Juan Ignacio Izquierdo Hübner-3 septembre 2022-Temps de lecture : 6 minutes

Photo : Fyodor Dostoyevsky. ©Wikipedia Commons

La conversation est un art difficile à pratiquer. Sa qualité dépend de la richesse de notre monde intérieur et de la confiance avec l'interlocuteur. C'est peut-être pour cela que j'aime tant les conversations sur les livres, parce qu'alors le poids de l'intérêt ne repose pas tant sur mes propres épaules que sur celles de l'auteur. Et si vous vous appuyez sur le dos de Dostoïevski (1821-1881), cet intérêt peut très facilement se transformer en passion. Je dis cela parce qu'il y a quelques mois, j'ai eu une idée géniale (ce qui ne m'arrive pas souvent) : j'ai convenu avec un ami d'entreprendre ensemble la lecture de "L'idiot" et, après l'avoir lu, nous avons fait une promenade pour en discuter. La question que nous nous sommes alors posée m'a motivé à écrire cet article, et je suis sûr qu'elle vous intriguera aussi. 

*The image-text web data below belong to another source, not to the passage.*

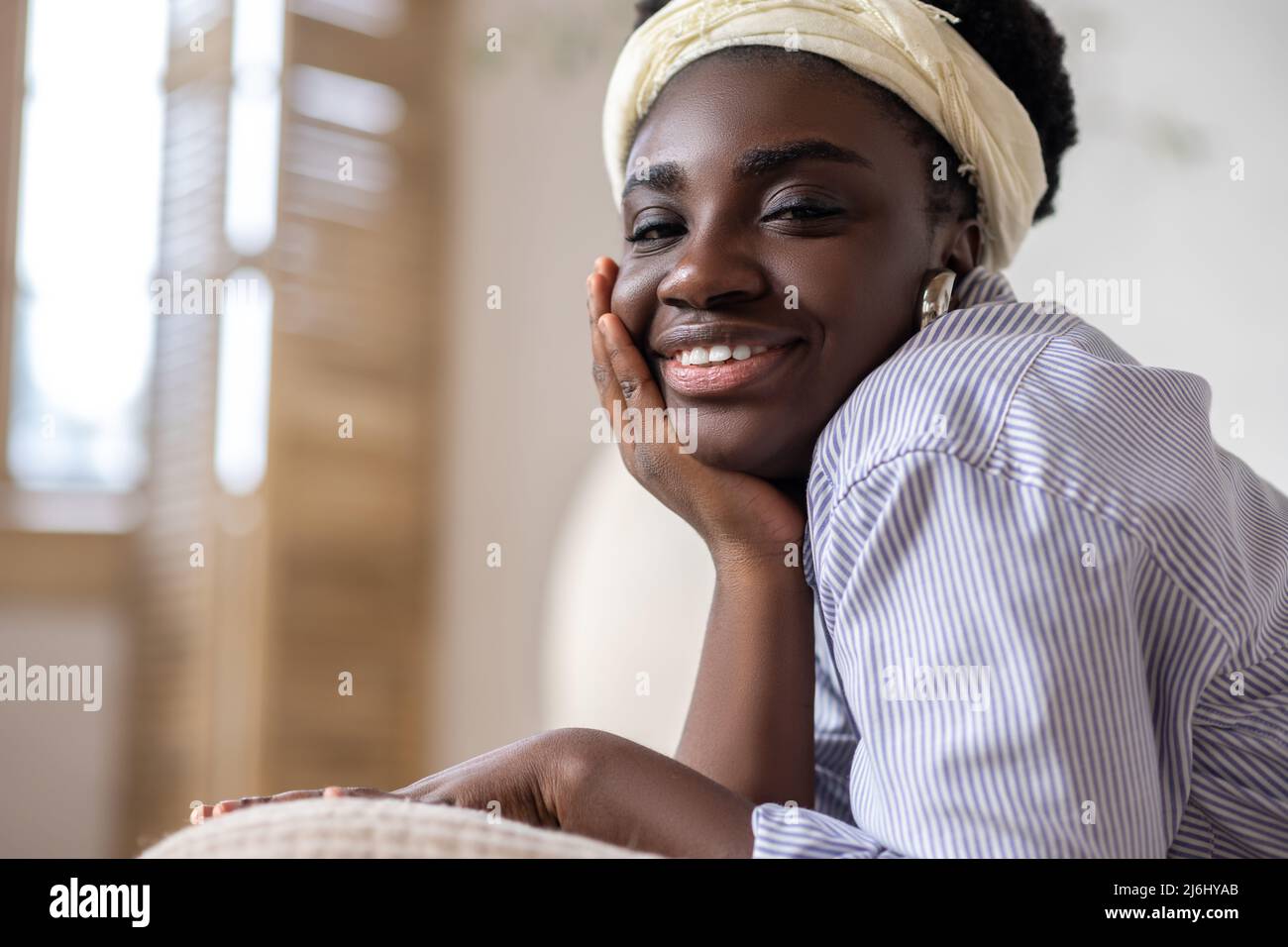 African american woman laying on bed and looking dreamy Stock Photo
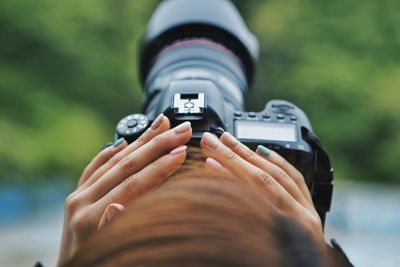 High angle view of woman photographing through camera against trees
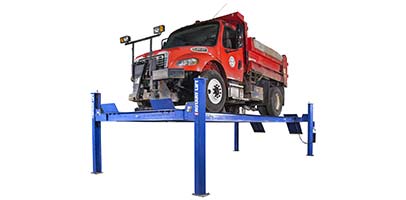 SM30 commercial vehicle lift holding up a dump truck
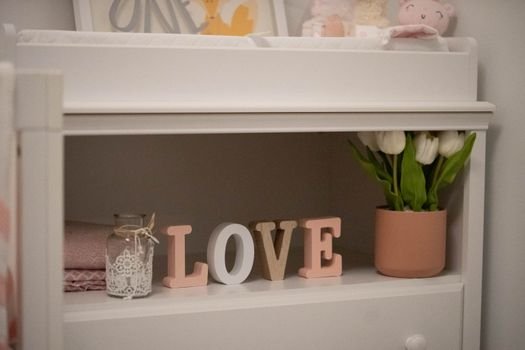 Charming shelf decor featuring white tulips, a LOVE sign, and soft pastels in a cozy nursery setting.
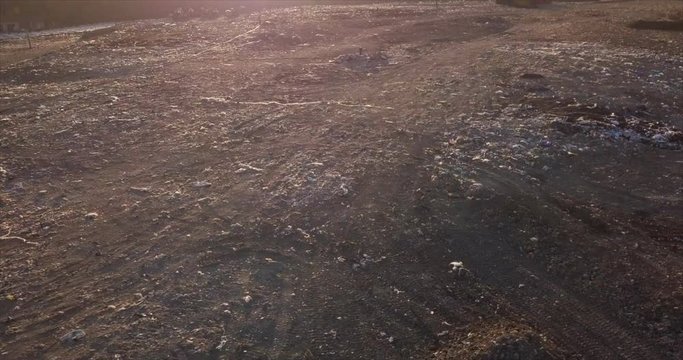 Aerial view of garbage pile in a landfill at sunset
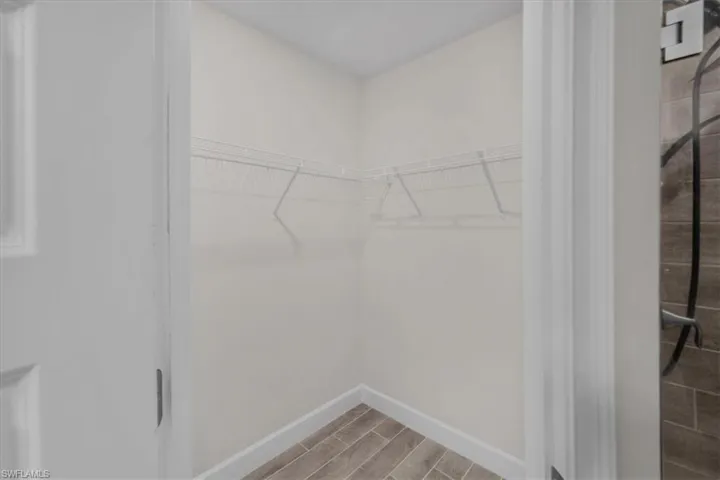 Walk-in closet featuring wood-finish tile flooring, white baseboards, and white wire shelving
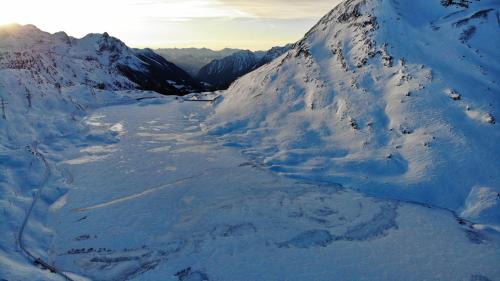 an aerial view of a snow covered mountain at Hotel Bernina Hospiz in Berninahäuser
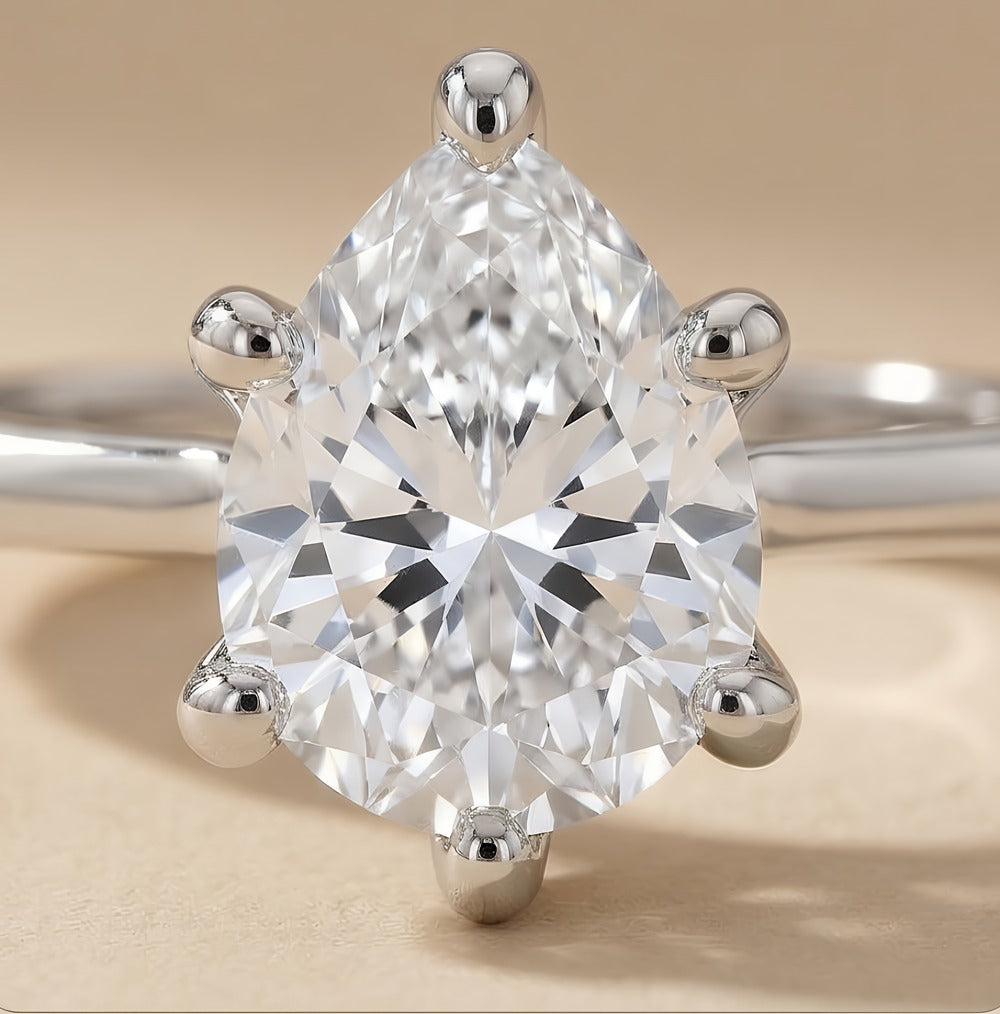 Ethically sourced pear diamond solitaire ring in 14K gold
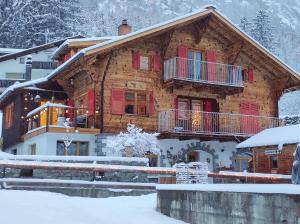 a log cabin in the snow with snow at Appartement in St. Niklaus in Sankt Niklaus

Il y a des années, j'avais lu d'autres romans du même auteur : "Crime et châtiment", "Mémoires de la maison des morts" et, plus récemment, "Les frères Karamazov". Chacun d'entre eux m'a donné des sentiments différents. J'ai choisi "L'Idiot", qui n'est pas mon autobiographie (comme l'a ironisé un autre ami quand je le lui ai dit), mais quelque chose comme un épisode de la vie d'un "Don Quichotte" russe du XIXe siècle. Cet itinéraire de lecture m'a puissamment influencé. Comme le dit Nikolaï Berdiaev dans "L'esprit de Dostoïevski" : "Une lecture attentive de Dostoïevski est un événement de la vie où l'âme reçoit comme un baptême du feu". Il se trouve que le feu est une bonne métaphore pour le décrire.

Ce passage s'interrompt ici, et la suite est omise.